The first του makes absolutely no sense to me. Does στα τέσσερα here mean 'when you are brought to your knees'. mg::down:


----------



## Themis (Mar 25, 2017)

Theseus said:


> The first του makes absolutely no sense to me. Does στα τέσσερα here mean 'when you are brought to your knees'.


1) from him
2) subdued (clear sexual connotation)


----------



## Theseus (Mar 25, 2017)

Να είσαι καλά, Θέμι.


----------



## daeman (Mar 25, 2017)

Theseus said:


> ...Does στα τέσσερα here mean 'when you are brought to your knees'. mg::down:



(down) on all fours, figuratively, but not in the legal sense.


----------



## Theseus (Mar 25, 2017)

Oops! I didn't think there was any sexual reference in this context....:)


----------



## SBE (Mar 26, 2017)

And of course the correct expression is:
εσαεί= for all time, forever

Another reason to avoid dodgy sites and blogs with bad grammar.


----------



## Theseus (Mar 26, 2017)

Thanks, SBE, as always for your kind but rigorous help....


----------



## SBE (Mar 26, 2017)

I also think that μη τυχόν και τα δουν και του τα πάρουν should be μη τυχόν και τα δουν και *σου* τα πάρουν. Because the text is the author addressing an imaginary person. 
So, unlike my esteemed fellow Lexilogians, I will engage and provide some context, even though we are not in the political section: 

So in the first part the author is deriding the other person for having small/ humble aspirations and expectations and wanting to live the "quiet life"- usually expressed by diminuitives. For example everyone in Greece aspires to ένα σπιτάκι, even if said house is a mansion. Earion said a couple of months ago in another discussion that this humble vocabulary is religious in origin, which I had never thought of before- I always put it down to the hypocrisy of the haves who want to appear equal to the have-not's.

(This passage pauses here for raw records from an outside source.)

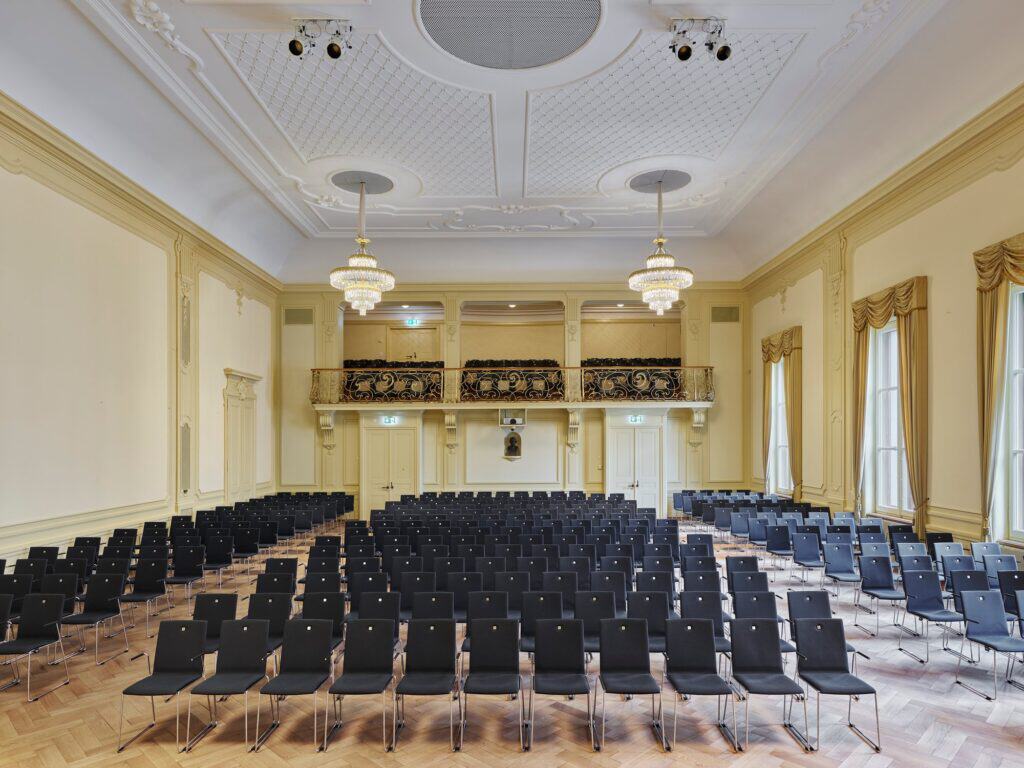 Hans Huber Saal at the Stadtcasino Basel with rows of dark chairs on herringbone parquet, pale yellow walls with gilt-trimmed pilasters, draped windows, a white stucco ceiling and a gallery with an ornate balustrade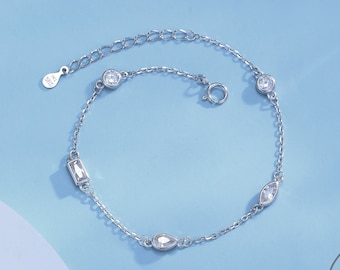 Puede incluir: Un brazalete de cadena de plata con cinco piedras de cristal transparentes. Las piedras son de diferentes formas, incluyendo redonda, ovalada y rectangular.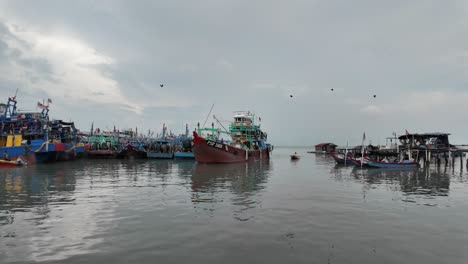 Vibrant-coastal-harbor-with-colorful-fishing-boats,-and-the-Malaysian-flag-indicating-location-against-an-overcast-sky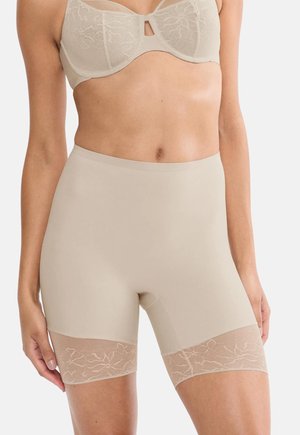 Žena oblečená v béžových tvarujúcich krátkych nohavičkách s vysokým pásom a čipkovaným lemom a zodpovedajúcej čipkovanej podprsenke s kostícami, stojaca pred jednoduchým pozadím.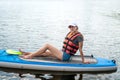 pretty sporty girl learn swim in life vest sitting with paddle on a board in city lake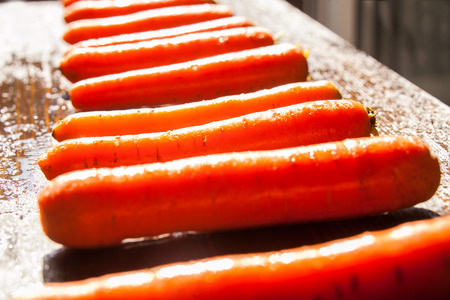 Fresh carrots on black wood board in bright sun lightの写真素材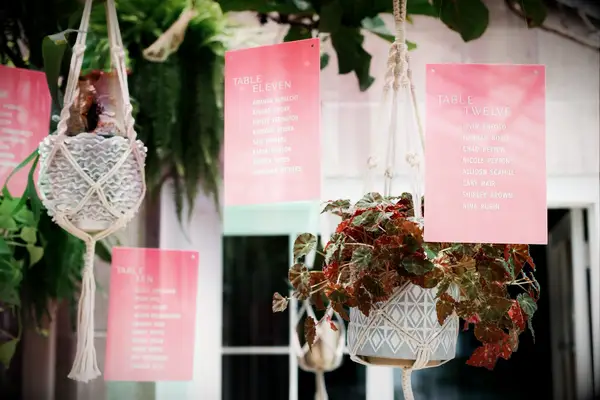 Hanging pink acrylic seating chart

In the second part the writer uses an expression that became part of the political vocabulary in Greece around the time of the article, when the deputy PM used it in parliament to describe the negotiation tactics of his predecessors and was then used by certain MPs as a war cry against those who disagreed with them, and eventually by the general public. 

Hopefully this context will give you an idea of what the ramblings of the author are about. And I shall digress with half a political comment (you can fill in the other half): Theseus, you said the other day you had not realised how bad the financial situation was in Greece. I hope you can now see that the financial problem is not the most serious problem, because it will some day go away.


----------



## Theseus (Mar 26, 2017)

Thanks, SBE. I can guess the other half.mg::huh:


----------



## Earion (Mar 29, 2017)

SBE said:


> Earion said a couple of months ago in another discussion that this humble vocabulary is religious in origin, which I had never thought of before.



Me neither! mg: Where? When?


----------



## SBE (Mar 29, 2017)

Νομίζω σε συζήτηση για το ότι οι Έλληνες μια ζωή λένε ότι δεν πανε καλά και ας τα λέμε καλά κλπ.


----------